The real benefit of offloading is increased serving capacity — more concurrent sequences:

# Without offloading (GPU only):
# 80 GB - 32.5 GB (model) - 2 GB (overhead) = 45.5 GB for KV cache
# 45.5 GB / 1.31 MB per block = 34,732 blocks
# At 4096 tokens/seq: 34,732 / (4096/16) = 135 concurrent sequences

# With CPU offloading (512 GB CPU RAM, 256 GB allocated):
# GPU: 34,732 blocks (active)
# CPU: 256 GB / 1.31 MB = 195,420 blocks (cold storage)
# Total: 230,152 blocks
# At 4096 tokens/seq: 230,152 / 256 = 899 sequences stored
# But only 135 can decode simultaneously (GPU constraint)
# The rest are paused with their KV cache preserved on CPU

# With SSD offloading (3.84 TB NVMe):
# SSD: 3.84 TB / 1.31 MB = 2,931,298 blocks
# Total: 3.16M blocks = thousands of sequences cached
📊

Sequence Capacity by Tier Configuration — Llama 70B, TP=4

ConfigActive Seqs (GPU)Cached Seqs (CPU)Archived Seqs (SSD)Total Capacity
GPU only 135 0 0 135
GPU + 256GB CPU 135 764 0 899
GPU + 256GB CPU + 1TB SSD 135 764 3,051 3,950
GPU + 512GB CPU + 4TB SSD 135 1,528 12,204 13,867

When to Use Each Tier

The decision tree for tiered offloading:

def should_enable_offloading(workload):
    avg_seq_len = workload.avg_input_len + workload.avg_output_len
    gpu_seq_capacity = compute_gpu_capacity(model, gpu_memory)

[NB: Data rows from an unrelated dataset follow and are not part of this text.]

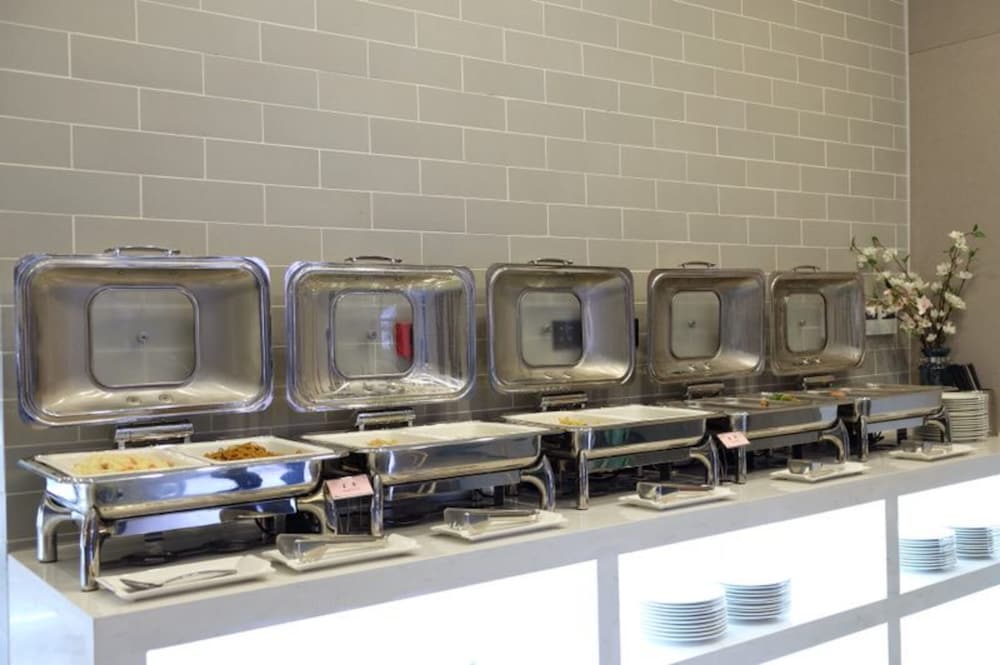 Фото Atour Hotel Pudong Airport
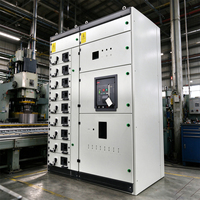 Armoire de distribution basse tension avec unité extractible et options de prises multiples pour système de contrôle électrique intérieur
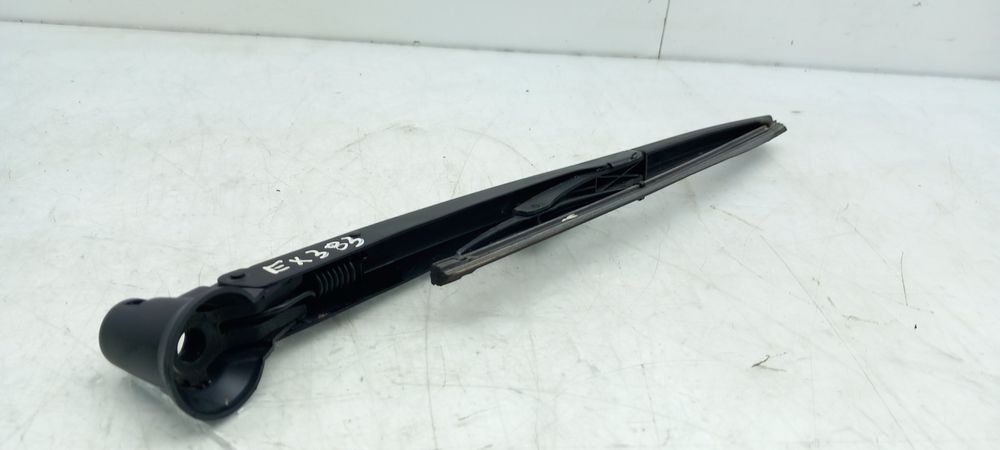Haste / braço de escova limpa vidros trás VOLKSWAGEN Fox (5Z1, 5Z3, 5Z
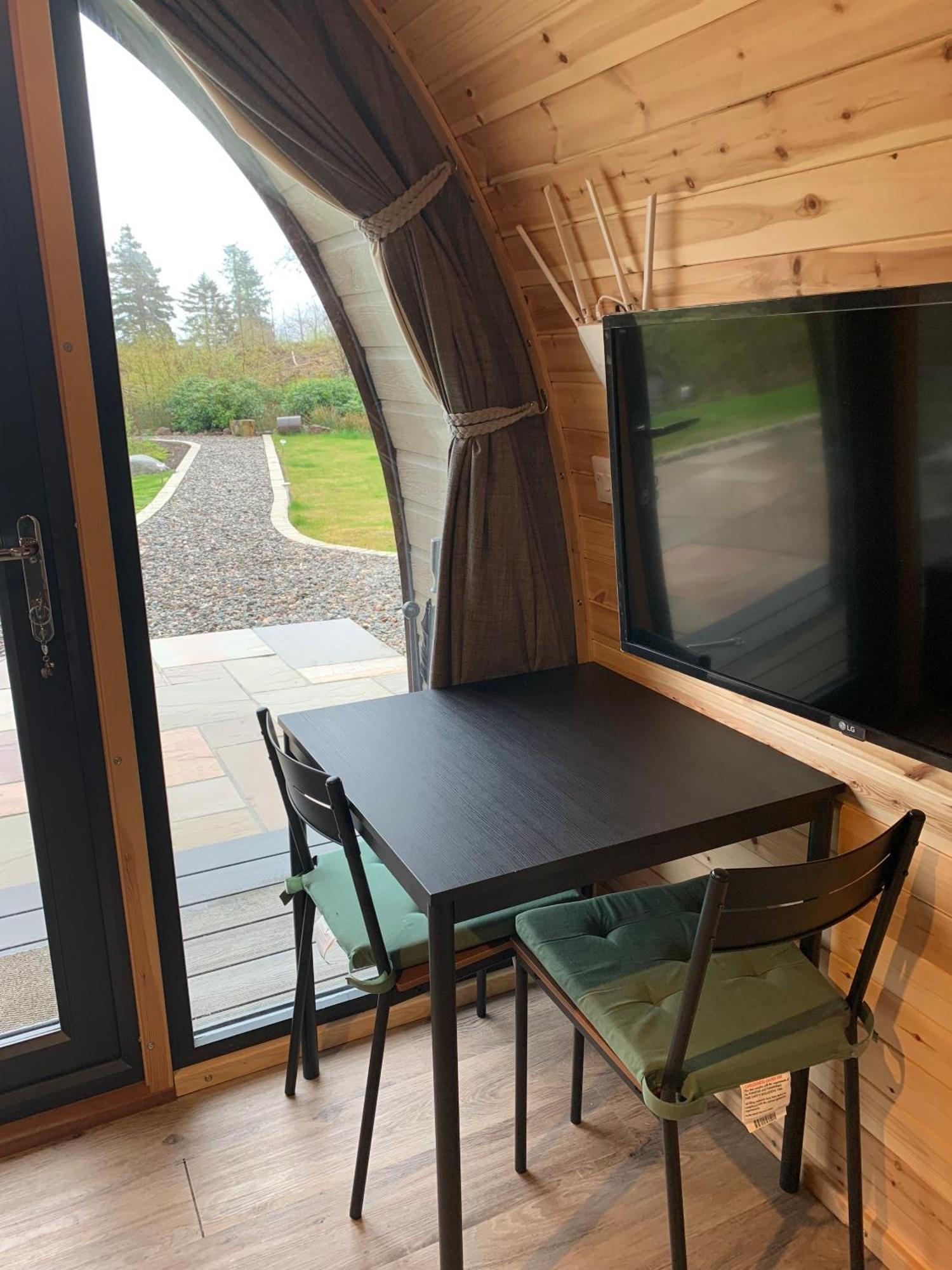 Villa Red Squirrel Pod With Hot Tub Oban Exterior foto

    if workload.concurrent_requests <= gpu_seq_capacity:
        return "GPU_ONLY"  # Everything fits, no offloading needed

    if workload.concurrent_requests <= gpu_seq_capacity * 5:
        return "GPU_CPU"   # CPU offloading handles moderate overflow

    if workload.request_pattern == "bursty":
        return "GPU_CPU_SSD"  # SSD absorbs burst, CPU handles steady state

    if avg_seq_len > 32768:
        return "GPU_CPU"   # Long contexts benefit from CPU tier
        # SSD is too slow for frequent long-context retrieval

    return "GPU_CPU"  # Default: SSD rarely worth the complexity
⚠️ Warning

SSD offloading is only beneficial for workloads with high request churn (many short-lived requests generating cache that can be archived) or extreme concurrency (thousands of paused sessions). For steady-state serving with moderate concurrency, CPU offloading alone is sufficient.

Configuration

Enable tiered offloading in vLLM:

# CPU offloading only
python -m vllm.entrypoints.openai.api_server \
    --model meta-llama/Llama-2-70b-hf \
    --tensor-parallel-size 4 \
    --swap-space 256  # GB of CPU RAM for KV cache offloading \
    --gpu-memory-utilization 0.90

# CPU + SSD (experimental)
python -m vllm.entrypoints.openai.api_server \
    --model meta-llama/Llama-2-70b-hf \
    --tensor-parallel-size 4 \
    --swap-space 256 \
    --kv-cache-ssd-path /mnt/nvme/vllm_kv_cache \
    --kv-cache-ssd-size 1024  # GB

The --swap-space parameter specifies how many gigabytes of CPU pinned memory to allocate for KV cache swap. This memory is reserved at startup and cannot be used by other processes.

Summary

vLLM v1’s tiered KV cache offloading extends serving capacity far beyond GPU memory limits. The GPU tier (HBM) holds active blocks at 2 TB/s bandwidth. The CPU tier (pinned DRAM) holds cold blocks with 24 GB/s effective PCIe transfer bandwidth, adding 2% latency overhead at 5% offload rate and 30% at 50%. The SSD tier (NVMe) provides archival storage at 7 GB/s with a 2-step prefetch pipeline. The eviction policy uses priority classes (active, recent, idle, evictable) with LRU ordering within each class. Async CUDA streams overlap transfers with compute, making offloading nearly invisible when the offload fraction stays below 20%. The primary use case is serving many concurrent long-context sessions where total KV cache exceeds GPU memory but only a fraction of sessions are actively generating tokens.